**Records to process:**
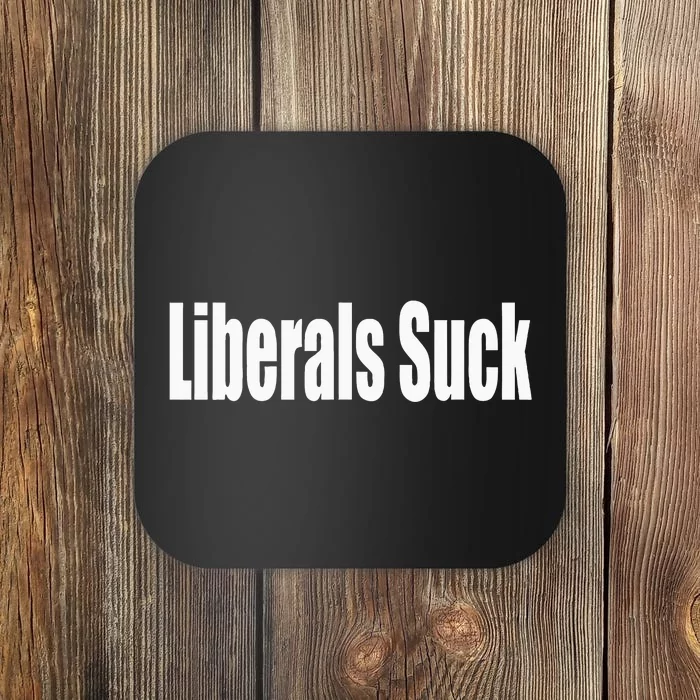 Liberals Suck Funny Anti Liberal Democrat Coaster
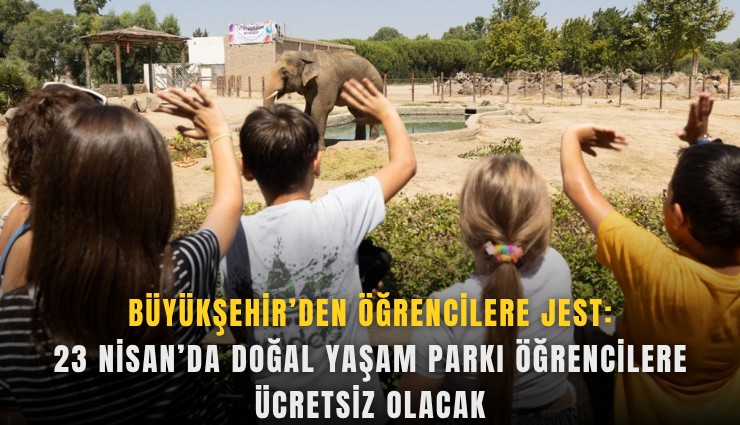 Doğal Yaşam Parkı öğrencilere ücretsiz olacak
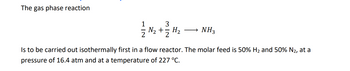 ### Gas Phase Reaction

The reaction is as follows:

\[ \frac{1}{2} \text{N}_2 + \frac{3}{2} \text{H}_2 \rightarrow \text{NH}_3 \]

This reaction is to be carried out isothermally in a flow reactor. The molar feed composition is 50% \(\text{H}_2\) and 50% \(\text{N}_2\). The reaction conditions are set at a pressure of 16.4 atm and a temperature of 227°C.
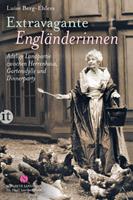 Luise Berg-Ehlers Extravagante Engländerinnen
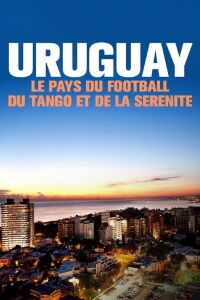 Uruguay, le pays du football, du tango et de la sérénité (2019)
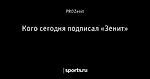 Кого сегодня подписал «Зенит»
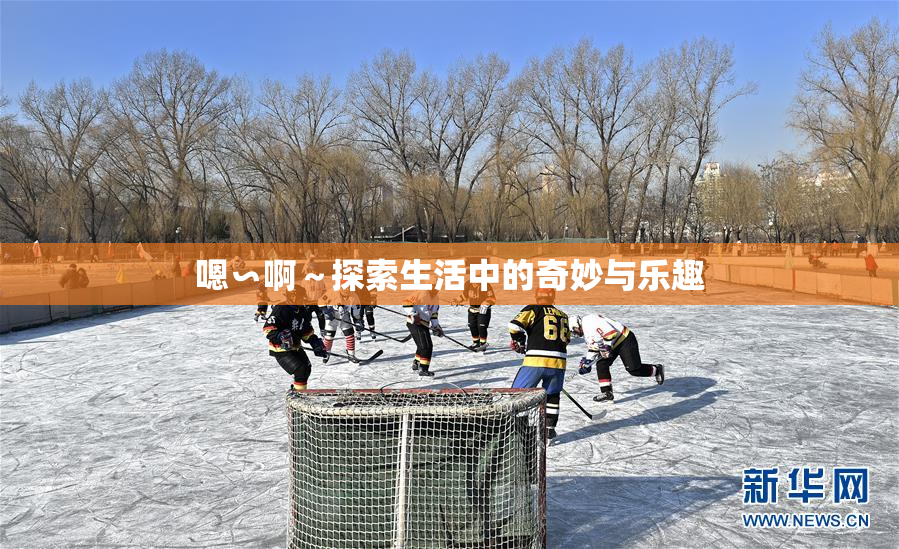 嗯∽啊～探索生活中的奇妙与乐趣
---
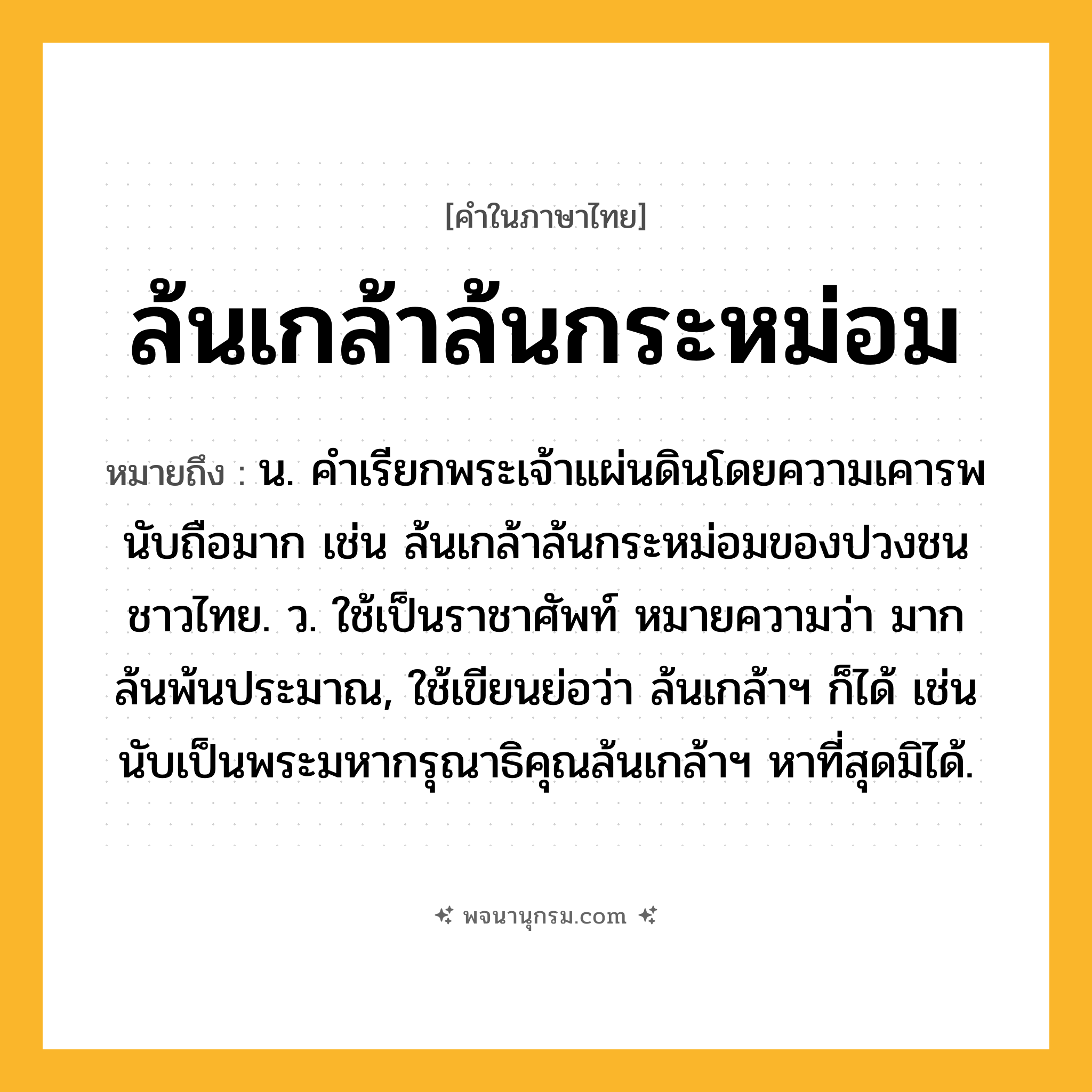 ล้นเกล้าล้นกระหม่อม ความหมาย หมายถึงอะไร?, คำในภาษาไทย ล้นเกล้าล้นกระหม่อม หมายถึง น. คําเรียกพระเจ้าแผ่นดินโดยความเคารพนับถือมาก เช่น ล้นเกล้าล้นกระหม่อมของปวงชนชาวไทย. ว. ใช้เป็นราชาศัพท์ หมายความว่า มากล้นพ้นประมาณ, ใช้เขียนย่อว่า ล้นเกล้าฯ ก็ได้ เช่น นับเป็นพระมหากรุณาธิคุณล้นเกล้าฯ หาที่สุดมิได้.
--
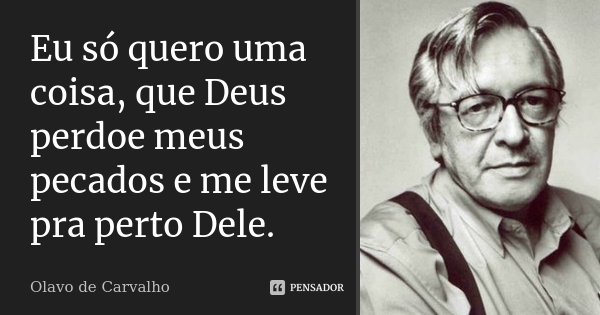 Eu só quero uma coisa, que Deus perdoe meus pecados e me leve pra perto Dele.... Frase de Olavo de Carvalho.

**Work item:** Every line above in the stretch from the one with "The reaction is" through the one with "嗯∽啊～探索生活中的奇妙与乐趣" is to be transcribed exactly, ends included. No picture is copied.

**Response area:**
The reaction is as follows:

\[ \frac{1}{2} \text{N}_2 + \frac{3}{2} \text{H}_2 \rightarrow \text{NH}_3 \]

This reaction is to be carried out isothermally in a flow reactor. The molar feed composition is 50% \(\text{H}_2\) and 50% \(\text{N}_2\). The reaction conditions are set at a pressure of 16.4 atm and a temperature of 227°C.
 Luise Berg-Ehlers Extravagante Engländerinnen
 Uruguay, le pays du football, du tango et de la sérénité (2019)
 Кого сегодня подписал «Зенит»
 嗯∽啊～探索生活中的奇妙与乐趣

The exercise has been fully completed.